We had been specified among the signatories in the draft agreement as Republic of Ireland. I explained that that was the soccer team and the entry was quickly changed. The hard lifting had already been done by those before me.

However, something came up in conversation recently that pulled me up short. The 1948 Republic of Ireland Act seemed to have a different story:

It is hereby declared that the description of the State shall be the Republic of Ireland.
So was Republic of Ireland kosher all along and did I not have a leg to stand on, other than precedent and a bit of brass neck.

And what is the difference between Ireland being the name of the State and Republic of Ireland being its legally mandated description. The 1948 act says shall and not may.

This was really very confusing so I threw the problem at some of my learned friends. No, not lawyers, just learned.

Felix Larkin, drawing on his nuanced understanding of our nation's modern history and his intimate involvement with the postal service, came up with an explanation which at least exposed the underlying motivation for the "change".
Can I add another layer of confusion? Commemorative stamps issued in 1949 and 1950 carried the legend "Poblacht na hÉireann" and, with one exception, they also carried the legend "Republic of Ireland". Before 1949 it was "Éire", as it has been since 1952 (no commemorative stamp was issued in 1951). I assume this was simply the First Inter-party Government trying to rub Dev's nose in it - in other words, that they had secured the Republic in the 1948 Act, and he hadn't.

That all made perfect sense, up to a point. They couldn't change the name without a constitutional referendum so they tried a bit of sleight of hand with a piece of legislation.

The idea of description was introduced, so our name was still Ireland but you now had to refer to, or call?, us Republic of Ireland.

As Felix said, we were briefly described on our stamps as Republic of Ireland, but we soon returned to Ireland in English, though the stamps only use the Irish language version Éire.

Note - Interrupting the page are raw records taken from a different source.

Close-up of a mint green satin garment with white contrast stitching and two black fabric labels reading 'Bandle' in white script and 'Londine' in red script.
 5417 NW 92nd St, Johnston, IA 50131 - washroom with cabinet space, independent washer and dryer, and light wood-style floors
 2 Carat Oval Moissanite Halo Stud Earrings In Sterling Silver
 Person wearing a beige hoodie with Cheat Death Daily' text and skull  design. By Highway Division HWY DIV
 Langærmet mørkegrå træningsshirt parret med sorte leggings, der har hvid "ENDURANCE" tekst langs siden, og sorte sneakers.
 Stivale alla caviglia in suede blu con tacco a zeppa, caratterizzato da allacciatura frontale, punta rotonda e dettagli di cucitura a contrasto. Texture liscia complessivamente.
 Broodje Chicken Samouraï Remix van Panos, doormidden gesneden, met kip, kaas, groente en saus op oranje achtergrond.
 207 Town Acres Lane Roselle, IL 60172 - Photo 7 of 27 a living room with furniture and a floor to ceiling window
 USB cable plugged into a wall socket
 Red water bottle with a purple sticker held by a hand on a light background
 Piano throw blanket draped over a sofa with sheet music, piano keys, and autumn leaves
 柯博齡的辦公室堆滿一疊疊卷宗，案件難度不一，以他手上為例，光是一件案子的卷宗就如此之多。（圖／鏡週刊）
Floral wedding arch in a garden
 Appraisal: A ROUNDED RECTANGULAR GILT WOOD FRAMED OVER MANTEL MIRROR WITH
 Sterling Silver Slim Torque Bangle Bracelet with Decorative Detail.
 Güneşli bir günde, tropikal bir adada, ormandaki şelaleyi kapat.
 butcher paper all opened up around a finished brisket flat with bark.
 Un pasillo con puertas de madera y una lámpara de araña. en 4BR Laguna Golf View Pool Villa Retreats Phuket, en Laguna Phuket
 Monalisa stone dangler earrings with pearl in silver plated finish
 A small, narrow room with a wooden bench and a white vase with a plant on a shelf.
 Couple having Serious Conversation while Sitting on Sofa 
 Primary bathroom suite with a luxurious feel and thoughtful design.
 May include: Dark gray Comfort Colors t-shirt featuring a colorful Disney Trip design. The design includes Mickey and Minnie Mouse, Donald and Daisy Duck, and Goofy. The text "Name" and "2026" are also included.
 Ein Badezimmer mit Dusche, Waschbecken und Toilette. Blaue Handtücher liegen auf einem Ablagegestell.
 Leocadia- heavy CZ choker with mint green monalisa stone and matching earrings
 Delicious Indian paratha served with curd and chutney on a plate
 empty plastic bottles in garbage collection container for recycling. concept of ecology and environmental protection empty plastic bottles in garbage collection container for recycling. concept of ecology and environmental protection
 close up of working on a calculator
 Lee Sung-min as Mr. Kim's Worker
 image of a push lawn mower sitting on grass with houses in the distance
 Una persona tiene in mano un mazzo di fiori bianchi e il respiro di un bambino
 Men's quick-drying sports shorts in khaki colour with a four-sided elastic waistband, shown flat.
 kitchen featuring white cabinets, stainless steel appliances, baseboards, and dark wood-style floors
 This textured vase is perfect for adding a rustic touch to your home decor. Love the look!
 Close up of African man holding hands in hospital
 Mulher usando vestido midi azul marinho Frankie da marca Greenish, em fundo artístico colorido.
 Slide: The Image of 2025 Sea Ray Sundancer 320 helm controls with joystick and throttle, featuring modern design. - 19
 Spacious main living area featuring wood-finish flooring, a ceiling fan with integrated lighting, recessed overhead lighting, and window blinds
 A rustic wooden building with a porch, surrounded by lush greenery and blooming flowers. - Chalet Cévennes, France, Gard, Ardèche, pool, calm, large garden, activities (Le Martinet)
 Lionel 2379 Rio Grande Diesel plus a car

However, we are apparently still operating under confusing and opposing legal/constitutional instructions. I wonder will we have to wait till 2048 for it to be sorted out.

When I say we I'm using it as a sort of royal plural denoting the nation. I won't be around then but some of yous might.

Just in case I've inadvertently added to your confusion, you might like to recap with this extract from Wikipedia which I subsequently came across.

On stamps, the name of the state has always been written in Irish and rarely also written in English. The overprints were stamped first Rialtas Sealadach na hÉireann ("Provisional Government of Ireland") and later Saorstát Éireann ("Irish Free State"). Subsequent stamps nearly all used the name Éire ("Ireland"), even though this was not the name of the state until the 1937 Constitution took effect. The exceptions were issued in 1949 and 1950, and used POBLAĊT NA hÉIREANN or Poblacht na h-Éireann ("Republic of Ireland"). This phrase is the official description of the state specified in the Republic of Ireland Act, which came into force in April 1949; the state's name was not changed by the Act. Fianna Fáil defeated the outgoing government in the 1951 election and abandoned the use of the description, reverting to the name on stamps and elsewhere. Originally, Éire was written in Gaelic type; from 1952 to 1979, many stamps had the name of the state in Roman type, usually in all caps, and often written EIRE rather than ÉIRE, omitting the síneadh fada accent over the initial 'E'. In 1981 the Department of Posts and Telegraphs recommended the inclusion of the word "Ireland" along with "Éire" on stamps but the Department of the Taoiseach vetoed the idea on the basis it could cause "constitutional and political repercussions" and that "the change could be unwelcome."